_What this task involves:_ Retype, without pictures, the line holding "Used 2014 Subaru" and each line below it through the final line.

_Data supplied:_
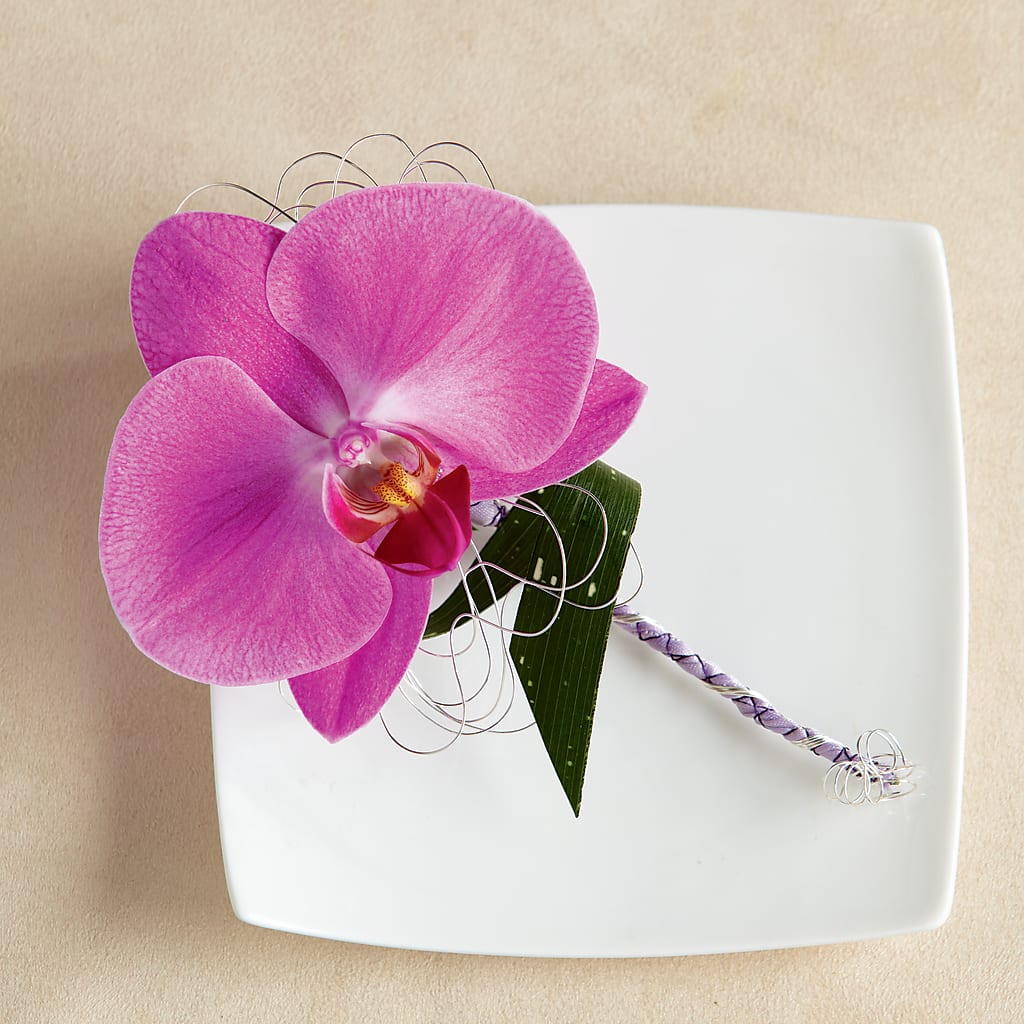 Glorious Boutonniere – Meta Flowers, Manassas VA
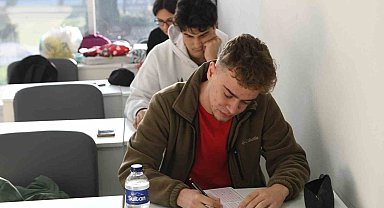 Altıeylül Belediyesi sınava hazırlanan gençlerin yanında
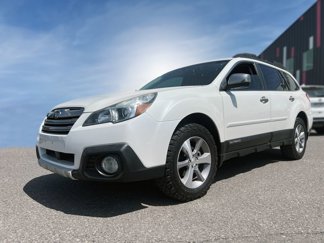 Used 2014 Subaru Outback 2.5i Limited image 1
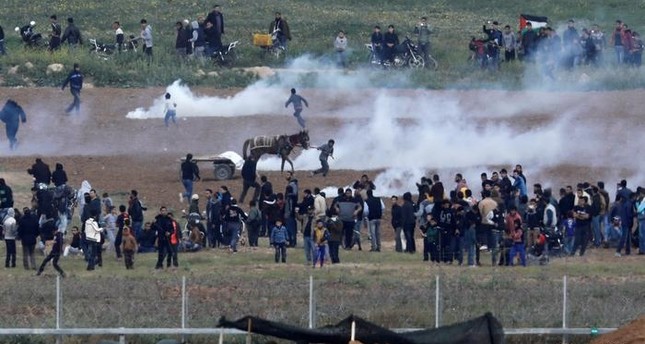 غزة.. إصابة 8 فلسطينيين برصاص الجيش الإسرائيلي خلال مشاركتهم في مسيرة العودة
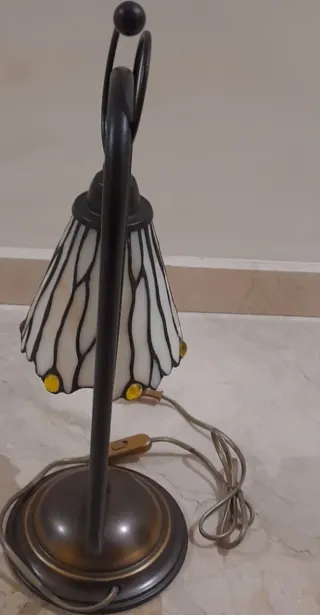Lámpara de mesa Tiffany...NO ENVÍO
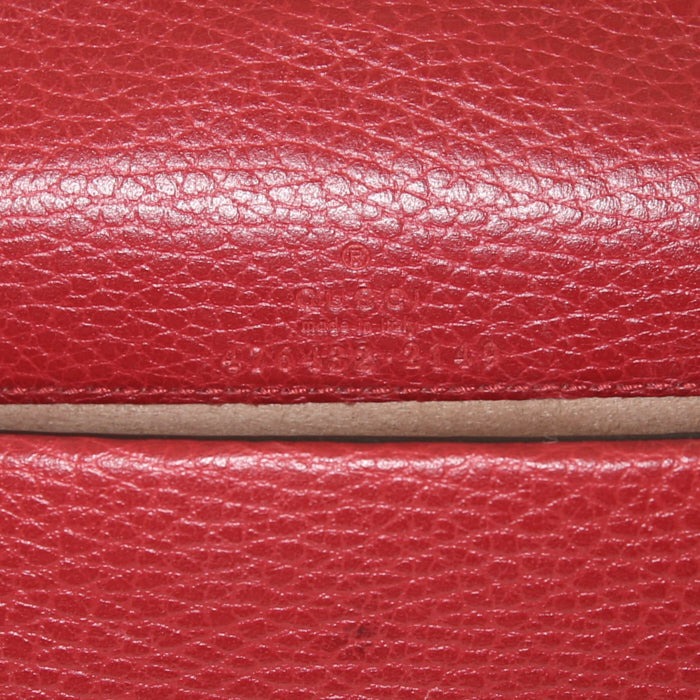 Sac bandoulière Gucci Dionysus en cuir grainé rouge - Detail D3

_Written response:_
 Used 2014 Subaru Outback 2.5i Limited image 1
 غزة.. إصابة 8 فلسطينيين برصاص الجيش الإسرائيلي خلال مشاركتهم في مسيرة العودة
Lámpara de mesa Tiffany...NO ENVÍO
 Sac bandoulière Gucci Dionysus en cuir grainé rouge - Detail D3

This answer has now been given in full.